**What you need to do**
Pictures stay out of the copy. Transcribe exactly the lines from the line with "Last year’s Crop Trench Coat from Loft!" through the final line of the records.

Saved data entries
────
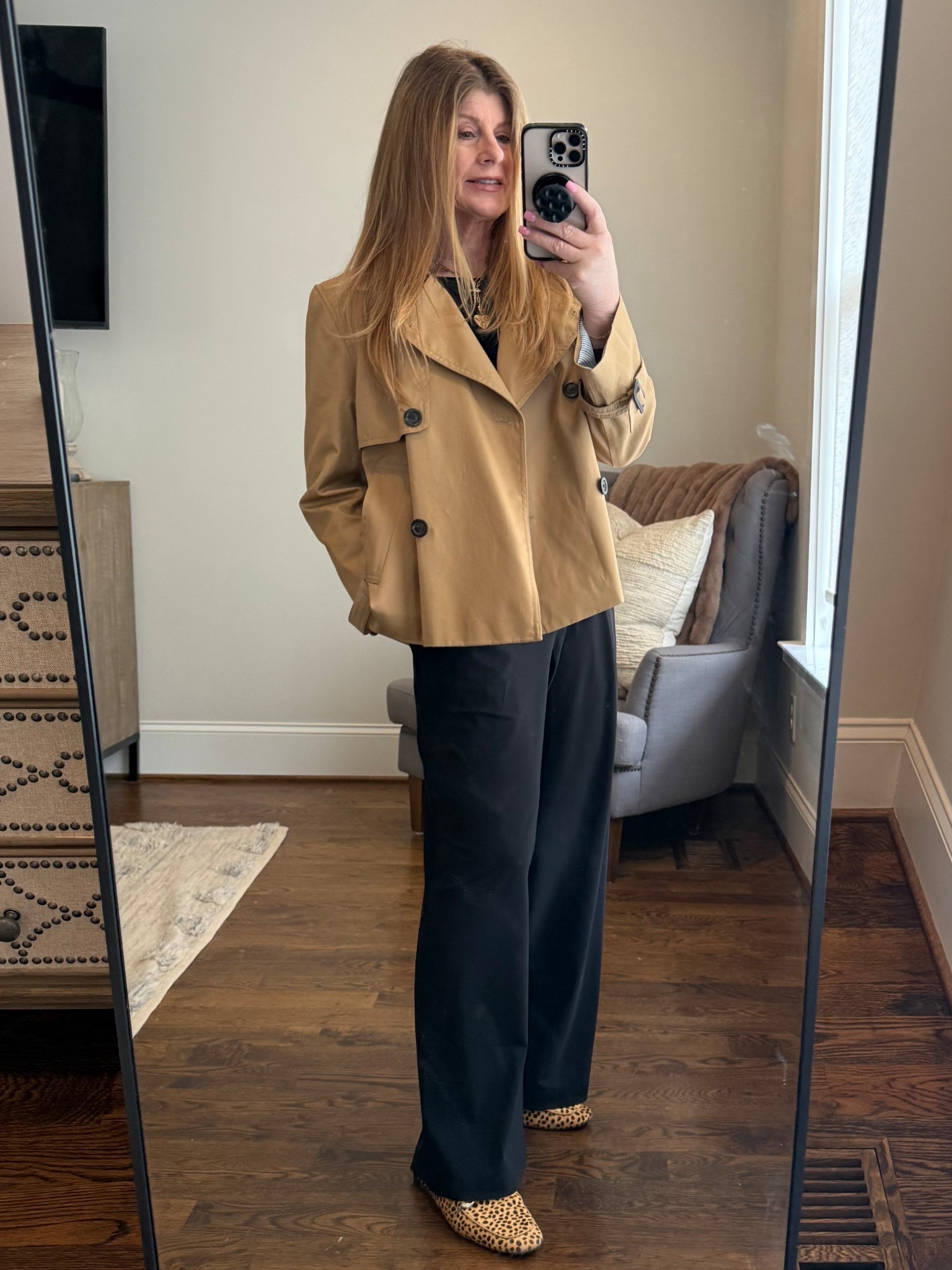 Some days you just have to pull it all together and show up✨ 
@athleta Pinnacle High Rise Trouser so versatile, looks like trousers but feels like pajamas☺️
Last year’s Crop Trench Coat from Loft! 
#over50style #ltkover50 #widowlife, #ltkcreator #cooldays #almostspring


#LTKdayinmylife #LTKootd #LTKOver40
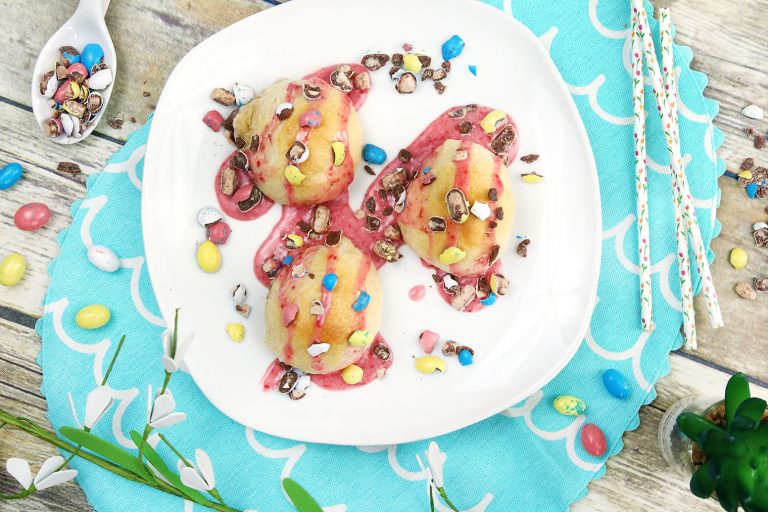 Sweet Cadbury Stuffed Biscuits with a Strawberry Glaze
────
**Solution for this problem**
Last year’s Crop Trench Coat from Loft! 
#over50style #ltkover50 #widowlife, #ltkcreator #cooldays #almostspring


#LTKdayinmylife #LTKootd #LTKOver40
 Sweet Cadbury Stuffed Biscuits with a Strawberry Glaze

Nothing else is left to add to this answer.